Wasn't there some post about Tibetian Mastiffs going for something like 600K? I think that is in China. And I also think that was a whole lot more money and trouble than my sister's two adopted children. Ok, maybe you do not have to go through a series of home checks and phsychological profiles to get the Mastiff.


----------



## Jessiewessie99

I must say my family had NO problem adopting Tanner.It was a breeze!lol.We recently had KLOS Pet Adoption Day at my shelter, the line to adopt was out the door. 40 something dogs and 20 something cats were adopted. The shelter was almost empty.

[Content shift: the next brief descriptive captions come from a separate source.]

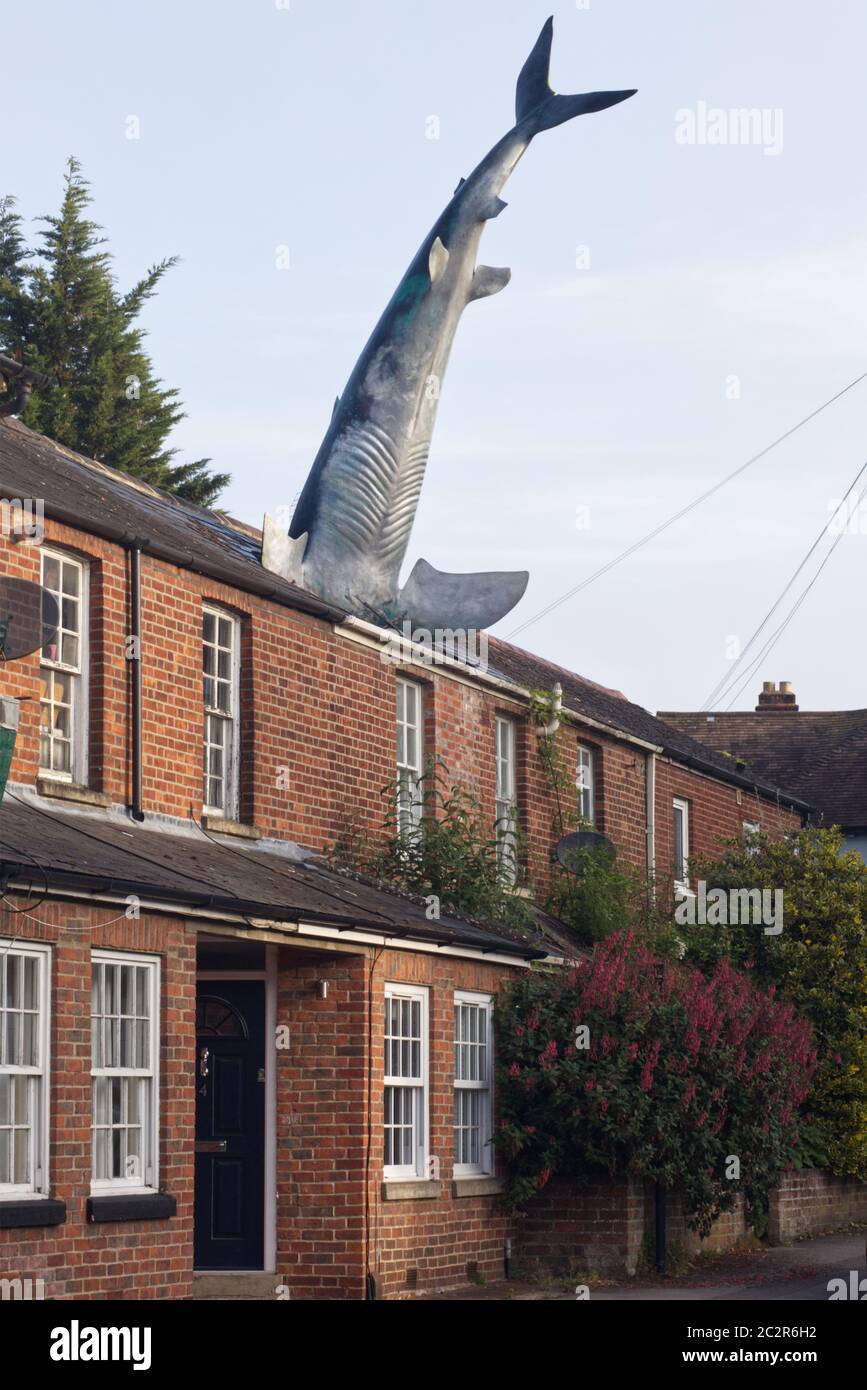 The Headington Shark, large shark embedded head-first in the roof,  erected on the 41st anniversary of the dropping of the atomic bomb on Nagasaki. Stock Photo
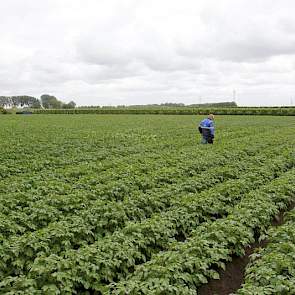 Dit geldt echter niet voor de keuring op Erwinia: hiervoor gelden de normen vanaf de start van de veldkeuring.
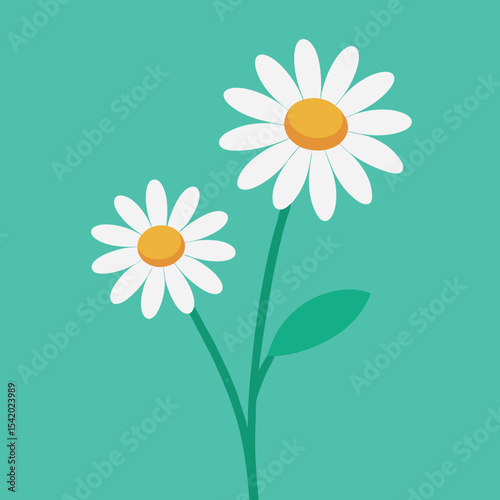 Simple illustration of two daisy flowers in full bloom against a teal background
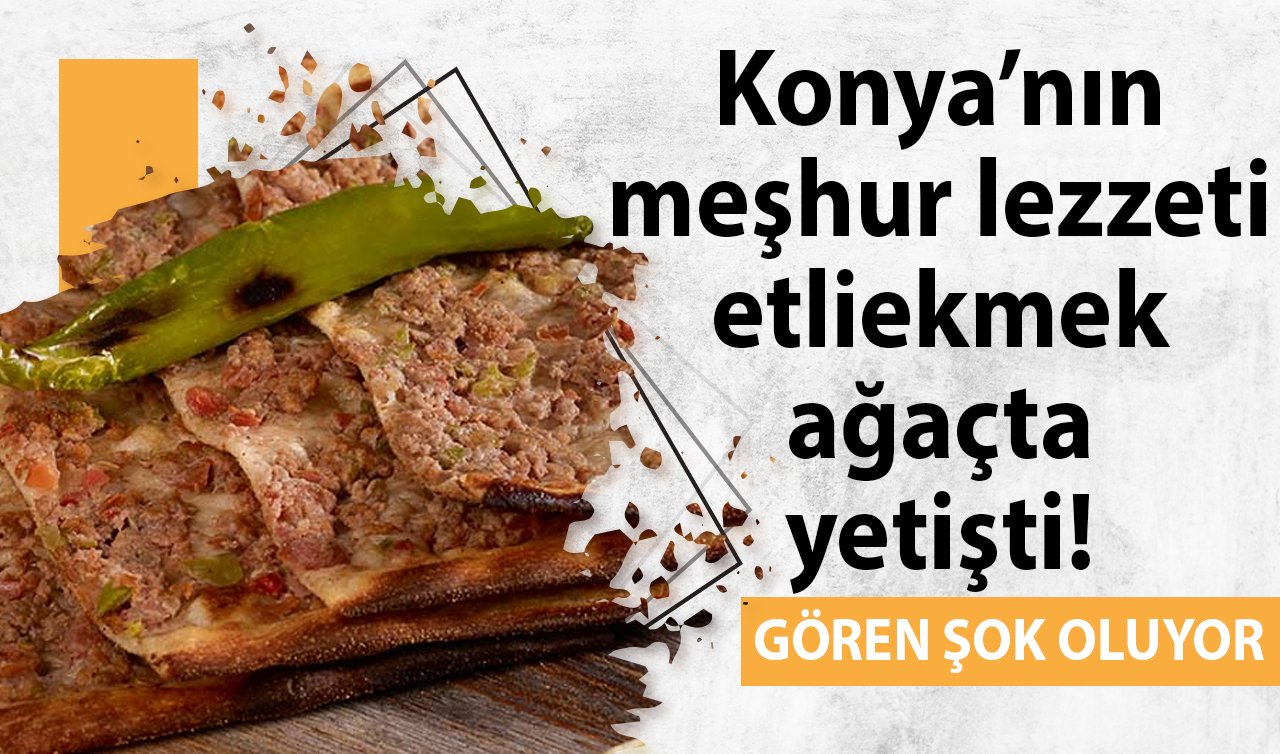 YOK ARTIK! Konya’nın meşhur lezzeti etliekmek ağaçta yetişti! Gören şok oluyor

I was working at my shelter on Saturday and a lady and her son came. The lady came and told me she wanted to see a dog, I told her to take the dog's kennel card up to the front desk and they will get someone to help them(I was already with someone and a dog). So she said "thank you" and walked away. about 10 minutes later this lady comes to me and starts ranting how they wouldn't let her and her son take out the dog because he wasn't good aorund kids 12 and under. Her son was about 12. She was also saying how her son has been around pitbulls all his life(the dog they wanted to see was a pitbull mix).Sorry but not all pitbulls will like your son.

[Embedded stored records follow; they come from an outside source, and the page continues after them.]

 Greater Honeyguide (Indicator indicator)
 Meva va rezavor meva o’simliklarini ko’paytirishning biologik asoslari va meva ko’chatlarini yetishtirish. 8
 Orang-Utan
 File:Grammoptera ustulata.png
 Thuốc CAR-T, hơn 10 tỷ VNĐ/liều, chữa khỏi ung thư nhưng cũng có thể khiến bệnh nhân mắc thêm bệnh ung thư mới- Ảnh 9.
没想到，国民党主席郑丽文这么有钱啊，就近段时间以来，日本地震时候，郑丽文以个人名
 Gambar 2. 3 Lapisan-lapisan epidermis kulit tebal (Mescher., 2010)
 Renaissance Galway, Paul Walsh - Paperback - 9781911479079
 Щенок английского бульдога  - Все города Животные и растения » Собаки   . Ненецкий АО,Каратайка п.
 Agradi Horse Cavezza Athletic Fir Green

But anyways, I just nodded and listened, I didn't want to start anything.After the rant session, I went up to the front and told them about the situation. They said the reason they wouldn't let her see the dog eas because when they evaluated the dog, she got very nervous around kids and started growling. They just did not want to take that chance of the kid getting bit and have to take the dog back and have the dog put down.

If certain dogs can't be adopted out to certain people or famalies for whatever reason they are free to ask. THe dogs have a kennel sheet that says how much exercise they will need, what kind of owner they should have(a expierenced owner, any home.) How much grooming they will need, whehter or not they are good with other dogs, whether or not they are good with cats, it also lists whether or not they can go to a home with kids or not(they will list a specific age) There was a BEAUTIFUL husky named Mason, who won my heart the moment I saw him. He would be great for any active family. He just couldn't go to a home with kids under 12 because he would get too anxious or excited and might knock the kid down. Another dog, a Papillion, can't go to a home with kids under 5, because she will growl at them.

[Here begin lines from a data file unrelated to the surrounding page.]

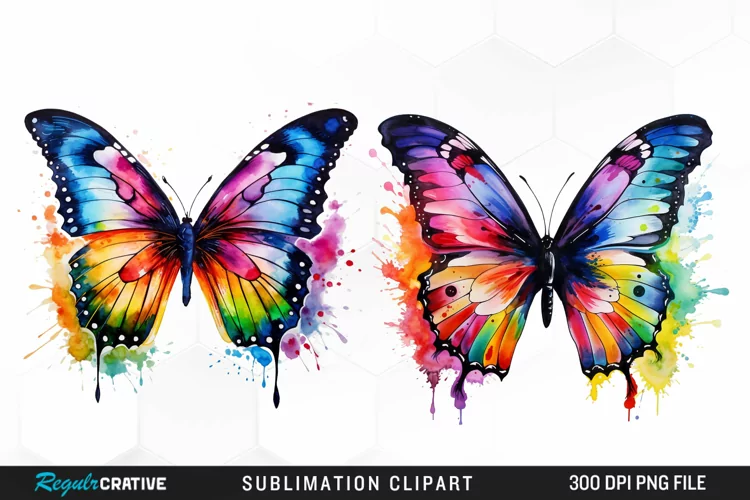 Watercolor Butterfly Exquisite Clipart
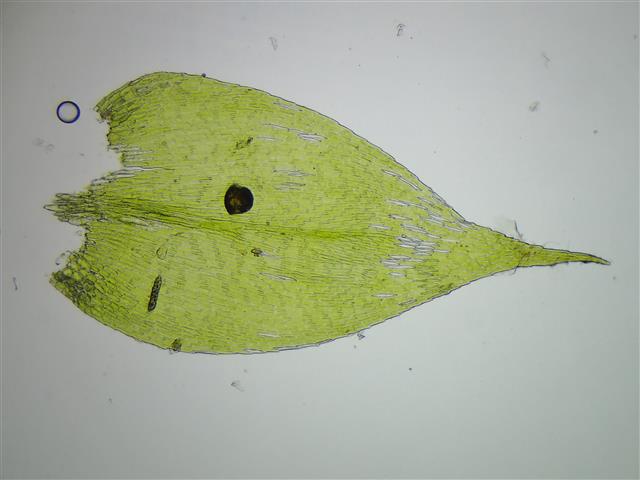 Rhynchostegium confertum (Dicks.) Schimp. #61904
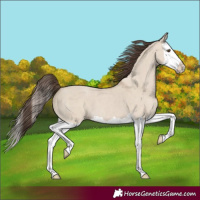 Horse Color:Classic Champagne Dun Splash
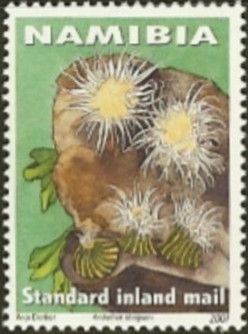 Anthothoe stimpsoni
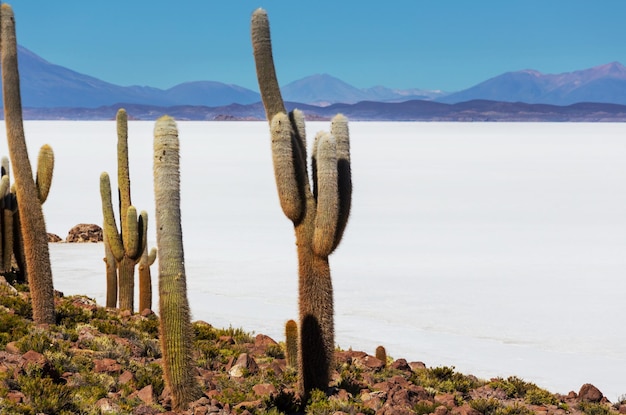 Salar de Uyuni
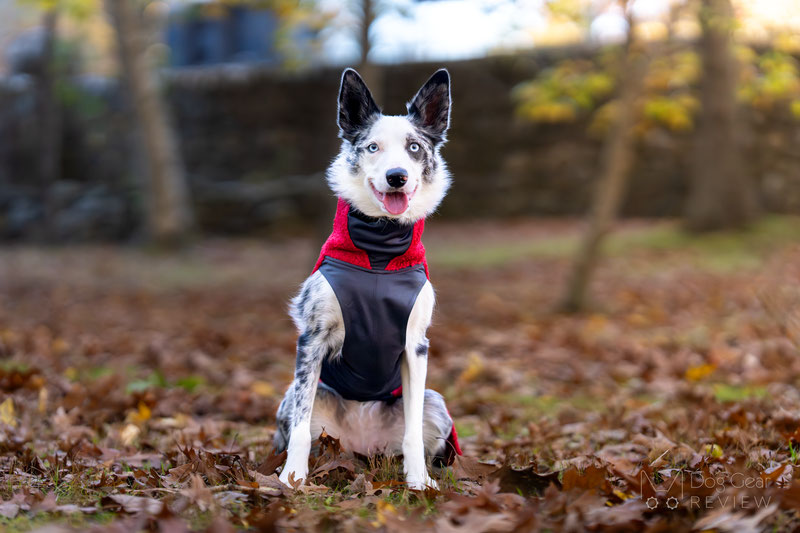 Pomppa PolarPomppa Review | Dog Gear Review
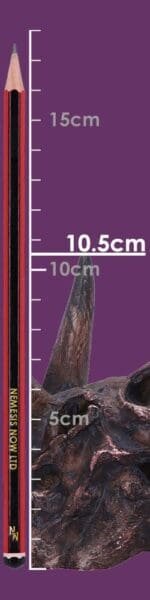 d7105b25-size.jpg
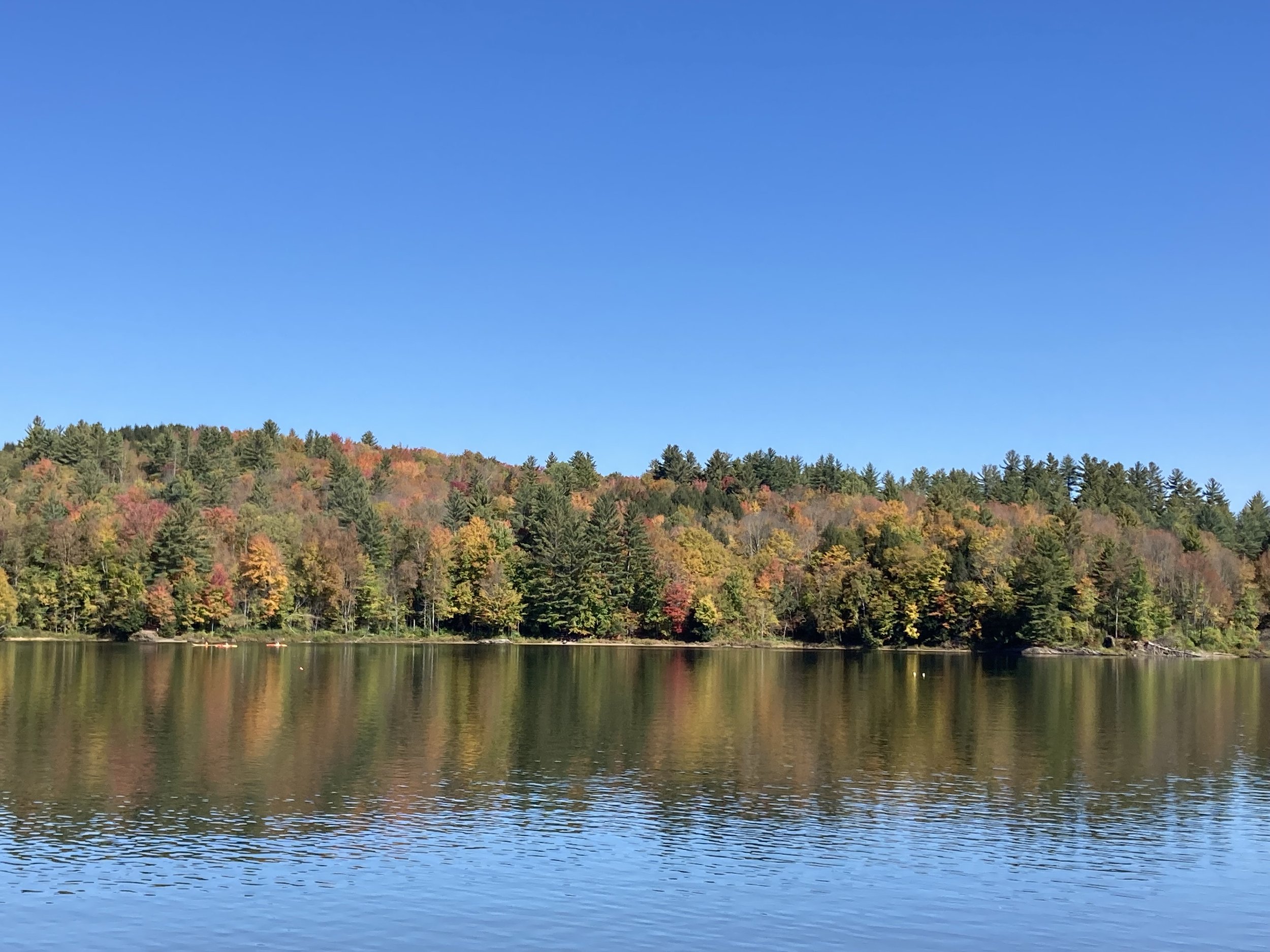   Foliage along the shore of the Waterbury Reservoir shot by Diane Gildea.  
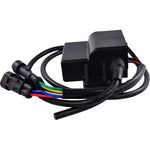 RM STATOR Ignition Controller Coil - Polaris RM02500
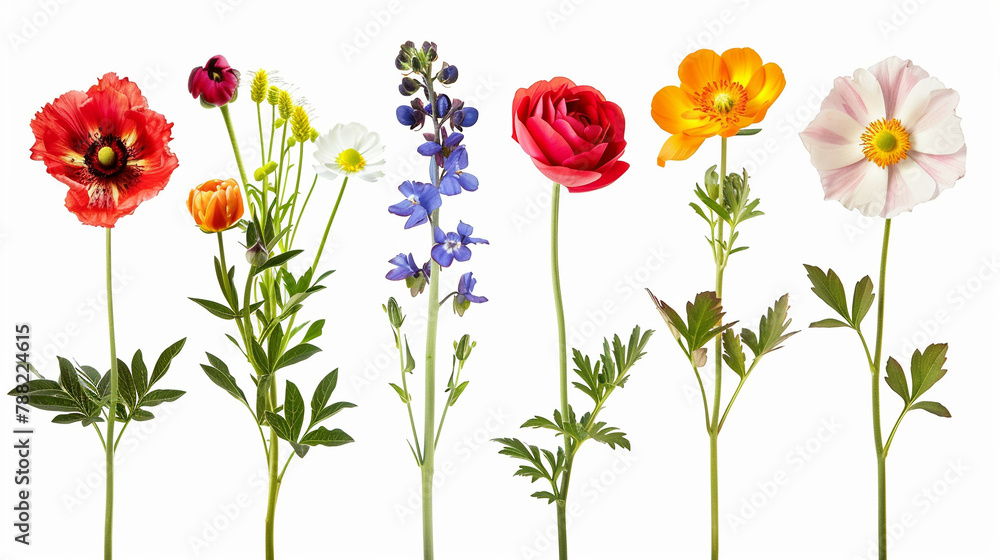 Obraz premium Set of garden flowers, cut out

I think some people need to ask. Just because 1 or 2 places turned you down doesn't mean all are bad and picky. I am thinking about becoming a foster parent, and I sure will be picky!!


----------



## selzer

Isn't it terribly risky to adopt an adult dog that growls around kids anyways. 

I mean, you can adopt to a family with no kids, but that does not mean they do not have grandchildren, nieces, nephews, neighbor kids. 

It also does not mean that they will not give the dog to a brother, who after he has it for a year or so, sells it on Craig's list to the exact type of family the shelter does not want to deal with. 

Should they euth every animal that shows aggression toward kids just in case? 

But if they do not, couldn't the people who adopted the dog sue them if there is an aggression problem with the dog that they knew about?

Just wondering.


----------



## Jessiewessie99

selzer said:


> Isn't it terribly risky to adopt an adult dog that growls around kids anyways.
> 
> I mean, you can adopt to a family with no kids, but that does not mean they do not have grandchildren, nieces, nephews, neighbor kids.
> 
> It also does not mean that they will not give the dog to a brother, who after he has it for a year or so, sells it on Craig's list to the exact type of family the shelter does not want to deal with.
> 
> Should they euth every animal that shows aggression toward kids just in case?
> 
> But if they do not, couldn't the people who adopted the dog sue them if there is an aggression problem with the dog that they knew about?
> 
> Just wondering.


 
Umm, yeah it is that why they didn't let them even take out the dog.They didn't euthanize the dog. They just don't want to take the risk of adopting out that can have an aggression, and they don't want to be a liability and get sued. 

They will give the potential adopters a questionaire and screen them, if they have grandkids they will ask about them like how often are the grandkids over etc.They want what best for the dog _and _human.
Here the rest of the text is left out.